25 aprile 2020, resistenti evasioni. Seconda puntata

1 Maggio 2020. Written by Redazione_am. Posted in Récit

La storia di L

Vivo da 5 anni in un bosco in Val Sangone, nel Comune di Giaveno, in una valle poco abitata tra la Val Chisone e la Val di Susa, in provincia di Torino. In questi giorni di isolamento vengo ripagata potendo uscire, dalla baita in cui vivo, a piedi ed evadere nei boschi in cerca di nuovi sentieri. Per l’evasione antifascista invece sapevo dove volevo andare, due luoghi che ricordano giovani morti. Così il 23 aprile ho raggiunto Roc dou preve, un masso lungo una sterrata che porta alle ultime borgate prima del colle, zona molto vissuta dai partigiani, solo 3 anni fa, in un piccolo ricovero per animali, sono state trovate due casse di armi nascoste lì nel periodo della resistenza. A  Roc duo preve vi è una targa che ricorda la morte nel 1945 di un bambino di 8 anni a causa di una mina. Quella fu una zona di rastrellamenti e di azioni molto pesanti anche per i civili. Ci sono andata a piedi dalla mia baita. Ho incontrato solo un residente di un’altra borgata che sostava sulla strada. La lapide è curata e ci sono dei fiori finti. Li ho sistemati, ho toccato quella roccia pensando alla crudeltà di minare zone boschive, ben sapendo che avrebbero portato morte a caso per lungo tempo.

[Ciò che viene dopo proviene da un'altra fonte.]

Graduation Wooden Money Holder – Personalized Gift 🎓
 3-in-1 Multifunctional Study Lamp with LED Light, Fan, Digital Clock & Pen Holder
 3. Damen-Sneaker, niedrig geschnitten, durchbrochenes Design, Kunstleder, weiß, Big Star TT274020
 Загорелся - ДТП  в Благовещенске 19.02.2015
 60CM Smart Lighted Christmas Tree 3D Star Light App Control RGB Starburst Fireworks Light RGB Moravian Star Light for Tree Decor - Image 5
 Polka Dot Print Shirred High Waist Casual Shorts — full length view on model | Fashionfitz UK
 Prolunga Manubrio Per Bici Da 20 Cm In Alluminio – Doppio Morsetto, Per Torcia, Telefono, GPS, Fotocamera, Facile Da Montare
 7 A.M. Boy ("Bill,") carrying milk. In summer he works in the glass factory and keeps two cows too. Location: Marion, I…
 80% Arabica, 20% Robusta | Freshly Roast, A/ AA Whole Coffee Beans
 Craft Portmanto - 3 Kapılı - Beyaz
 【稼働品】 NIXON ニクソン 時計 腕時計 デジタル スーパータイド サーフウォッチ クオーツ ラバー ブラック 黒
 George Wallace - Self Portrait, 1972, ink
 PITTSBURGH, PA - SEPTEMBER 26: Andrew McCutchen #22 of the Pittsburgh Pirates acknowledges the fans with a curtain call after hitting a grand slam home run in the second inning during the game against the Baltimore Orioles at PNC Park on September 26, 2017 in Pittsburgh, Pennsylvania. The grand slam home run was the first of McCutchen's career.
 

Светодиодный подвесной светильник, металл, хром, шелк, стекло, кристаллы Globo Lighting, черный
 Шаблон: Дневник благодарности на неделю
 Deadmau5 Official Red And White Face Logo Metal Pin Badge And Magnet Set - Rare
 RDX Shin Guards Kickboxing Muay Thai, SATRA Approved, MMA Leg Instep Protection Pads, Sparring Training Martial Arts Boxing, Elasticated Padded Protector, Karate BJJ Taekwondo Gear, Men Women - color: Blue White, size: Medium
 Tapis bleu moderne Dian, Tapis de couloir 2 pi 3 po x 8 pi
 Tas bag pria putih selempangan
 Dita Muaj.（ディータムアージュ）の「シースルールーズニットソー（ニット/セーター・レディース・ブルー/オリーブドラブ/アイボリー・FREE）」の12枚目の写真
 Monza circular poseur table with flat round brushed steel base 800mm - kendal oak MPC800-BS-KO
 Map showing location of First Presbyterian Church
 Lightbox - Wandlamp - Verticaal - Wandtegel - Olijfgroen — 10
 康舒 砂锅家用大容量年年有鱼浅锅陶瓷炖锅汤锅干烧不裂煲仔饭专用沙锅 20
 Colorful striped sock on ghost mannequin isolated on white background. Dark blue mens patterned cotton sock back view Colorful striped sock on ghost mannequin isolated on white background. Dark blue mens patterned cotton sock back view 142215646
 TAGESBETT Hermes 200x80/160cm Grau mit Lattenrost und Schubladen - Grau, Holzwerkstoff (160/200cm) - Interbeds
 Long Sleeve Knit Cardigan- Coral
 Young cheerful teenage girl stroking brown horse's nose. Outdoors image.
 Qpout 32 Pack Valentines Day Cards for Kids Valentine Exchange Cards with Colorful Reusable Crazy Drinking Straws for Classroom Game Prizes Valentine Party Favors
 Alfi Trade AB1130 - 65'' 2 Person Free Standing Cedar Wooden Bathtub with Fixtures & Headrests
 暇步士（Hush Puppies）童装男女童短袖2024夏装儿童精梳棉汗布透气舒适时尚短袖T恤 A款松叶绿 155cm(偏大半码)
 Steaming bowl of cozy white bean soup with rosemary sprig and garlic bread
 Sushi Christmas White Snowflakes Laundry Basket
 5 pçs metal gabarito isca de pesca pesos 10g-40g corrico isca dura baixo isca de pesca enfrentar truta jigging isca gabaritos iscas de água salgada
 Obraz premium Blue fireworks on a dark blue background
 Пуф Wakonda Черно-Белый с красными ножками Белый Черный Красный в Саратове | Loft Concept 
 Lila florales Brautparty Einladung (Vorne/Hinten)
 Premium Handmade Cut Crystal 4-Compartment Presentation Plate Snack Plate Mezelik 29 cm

Oggi invece, 25 aprile, sono stata sul versante della Val Sangone che guarda la val di Susa, quota 1000 mt, alle Prese di Fransa. Un altopiano molto bello, ai piedi del Col del Besso, una manciata di baite in pietra abbandonate, bosco di faggi e prati. Lì vi è una lapide in memoria di Tiziano Chiabai, partigiano di Udine,  ucciso dai nazifascisti durante i pesanti rastrellamenti svolti in valle nel novembre del 1944. Aveva 18 anni.